Paul felt jealous. Lord Hubert Aldringham's reputation—for some things—was European. "I hope so," he said with emphasis. "And you knew him well then, too?"
"I never said so," replied the lady. "I saw him once—twice perhaps—years ago—at the marriage of a princess. There, it has made you frown, we will speak no more of the Uncle Hubert!" and she leant back and laughed.
Paul felt very young. He wanted to show her he was grown up, and he wanted a number of things which had never even formed themselves in his imagination before. But she went on talking.
"And your cotelettes were tough, Paul, and you were so cross that first evening, and hated me! And oh! Paul, you had far too much wine for a boy like you!"
He reddened to the roots of his fair wavy hair, and then he hung his head.
"I know I did—it was beastly of me—but I was so—upset—I—"
"Look at me," she said, and she bent forward over him—a gliding feline movement infinitely sinuous and attractive.
Then he looked, his big blue eyes still cloudy with a mist of shame.
"You must tell me why you were upset, baby—Paul!"

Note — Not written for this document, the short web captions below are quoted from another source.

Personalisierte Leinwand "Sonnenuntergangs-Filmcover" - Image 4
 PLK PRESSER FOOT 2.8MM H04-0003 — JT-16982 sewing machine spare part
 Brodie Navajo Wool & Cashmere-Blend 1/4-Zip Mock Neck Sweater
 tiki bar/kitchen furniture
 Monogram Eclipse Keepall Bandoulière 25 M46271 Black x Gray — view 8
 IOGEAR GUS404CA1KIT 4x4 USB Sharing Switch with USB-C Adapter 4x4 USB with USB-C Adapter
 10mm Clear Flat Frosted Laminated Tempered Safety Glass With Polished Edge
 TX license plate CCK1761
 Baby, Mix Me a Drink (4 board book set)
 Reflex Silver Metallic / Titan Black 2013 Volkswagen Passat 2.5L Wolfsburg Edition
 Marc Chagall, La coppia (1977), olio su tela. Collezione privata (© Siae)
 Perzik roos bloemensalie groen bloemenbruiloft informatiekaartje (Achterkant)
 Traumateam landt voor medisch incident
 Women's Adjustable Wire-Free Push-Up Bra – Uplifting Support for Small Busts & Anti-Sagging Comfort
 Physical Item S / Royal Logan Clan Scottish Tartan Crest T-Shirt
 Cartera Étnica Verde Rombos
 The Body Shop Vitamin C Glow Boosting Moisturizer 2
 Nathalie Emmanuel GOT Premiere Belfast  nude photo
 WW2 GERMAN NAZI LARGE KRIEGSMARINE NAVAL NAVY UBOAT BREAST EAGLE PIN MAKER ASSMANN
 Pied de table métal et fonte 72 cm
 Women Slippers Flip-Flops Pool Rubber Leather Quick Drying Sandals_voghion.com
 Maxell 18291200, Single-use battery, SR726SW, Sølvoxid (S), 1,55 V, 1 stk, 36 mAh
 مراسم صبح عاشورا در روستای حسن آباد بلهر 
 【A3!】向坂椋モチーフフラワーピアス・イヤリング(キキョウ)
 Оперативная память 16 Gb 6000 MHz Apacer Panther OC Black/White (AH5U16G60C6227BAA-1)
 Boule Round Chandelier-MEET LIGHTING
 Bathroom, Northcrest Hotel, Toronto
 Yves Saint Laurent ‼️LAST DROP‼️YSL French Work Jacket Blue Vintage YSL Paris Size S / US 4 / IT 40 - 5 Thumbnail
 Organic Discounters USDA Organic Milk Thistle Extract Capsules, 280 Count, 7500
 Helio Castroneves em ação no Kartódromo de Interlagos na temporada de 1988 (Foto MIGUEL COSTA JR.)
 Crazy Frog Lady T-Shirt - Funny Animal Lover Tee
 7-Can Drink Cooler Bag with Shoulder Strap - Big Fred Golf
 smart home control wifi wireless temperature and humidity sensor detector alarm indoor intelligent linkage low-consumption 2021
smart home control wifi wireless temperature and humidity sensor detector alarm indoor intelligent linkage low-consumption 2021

How often she said his name! lingering over it as if it were music. It thrilled him every time.
Then he gained courage.
"But how did you know anything about it—or what I had—or what I drank? You never once raised your eyelids all the time!"
"Perhaps I can see through them when I want to—who knows!" and she laughed.
"And you wanted to—wanted to see through them?"
He was gazing at her now, and she suddenly looked down, while the most beautiful transparent pink flushed her soft white cheeks, turning her into a tender girl almost. The change was so sudden, it startled Paul, and emboldened him.
"You wanted to!" he repeated in a glad voice. "You wanted to see me?"
"Yes," she whispered, and she looked up at him, but this time there was mischief in her eyes.
"Is that why you sighed then among the ivy? What made you sigh?"
She paused a moment, and then she said slowly: "A number of things. You seemed so young, and so beautiful, and so—asleep."
"Indeed I wasn't asleep!" Paul exclaimed. "It would take a great deal more port than that to make me go to sleep. I was thinking of—" And then he saw she had not meant that kind of sleep, and felt a fool—and wondered.
She helped him out.
"All this time you have not told me why you were upset—upset enough to drink bad port. That was naughty of you, Paul."
"I was upset—over you. I was angry because I was so interested—" and he reddened again.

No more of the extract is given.